Possible feature request: additional fields in accept statements that can be used by plugins #1289

Open reidsunderland opened 2 weeks ago

reidsunderland commented 2 weeks ago

I've run into a couple of cases where it would be very helpful to let a user define additional fields to the right of accept statements, similar to how we have DESTFN now.

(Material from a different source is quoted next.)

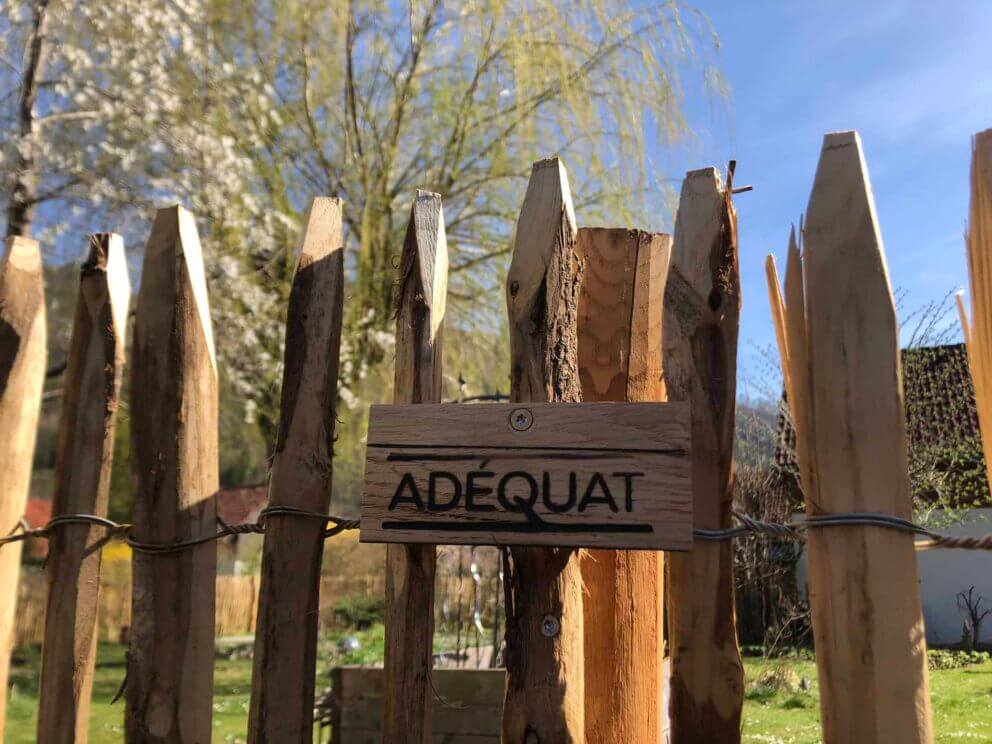 Clôture ganivielle française en bois de châtaignier de 120 cm de hauteur et avec un espacement de 2 cm. entre les lattes.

For example, I have this config:

accept      .*${HOSTNAME}.*/loggernet/.*T_Out.*.dat
accept      .*${HOSTNAME}.*/loggernet/.*T_TBRG.*.dat
accept      .*${HOSTNAME}.*/loggernet/.*T_RF1.*.dat
accept      .*${HOSTNAME}.*/loggernet/.*T_StnConfig.*.dat
accept      .*${HOSTNAME}.*/loggernet/.*final_storage_.*.dat

rawca2b_map loggernet/||CACN65 CWAO||(...)_T_Out.*.dat|(...)_T_TBRG.*.dat|(...)_T_RF1.*.dat|(...)_T_StnConfig.*.dat|(...)_final_storage_.*.dat

The fields are separated by ||. The first field is a string that is mostly redundant with the accept statements. The second field is the bulletin header that we want. The third field is a regex that identifies where the 3 character station ID is in the filename. It would be more user friendly (for both the plugin developer and config file author) to integrate this with the accept statements.

Like this:

accept      .*${HOSTNAME}.*/loggernet/.*(...)_T_Out.*.dat            header=CACN65 CWAO
accept      .*${HOSTNAME}.*/loggernet/.*(...)_T_TBRG.*.dat           header=CACN65 CWAO
accept      .*${HOSTNAME}.*/loggernet/.*(...)_T_RF1.*.dat            header=CACN65 CWAO
accept      .*${HOSTNAME}.*/loggernet/.*(...)_T_StnConfig.*.dat      header=CACN65 CWAO
accept      .*${HOSTNAME}.*/loggernet/.*(...)_final_storage_.*.dat   header=CACN65 CWAO

I'm not sure how hard this would be to implement, and it's not a high priority. I'm just submitting this issue because it might be something worth looking into someday.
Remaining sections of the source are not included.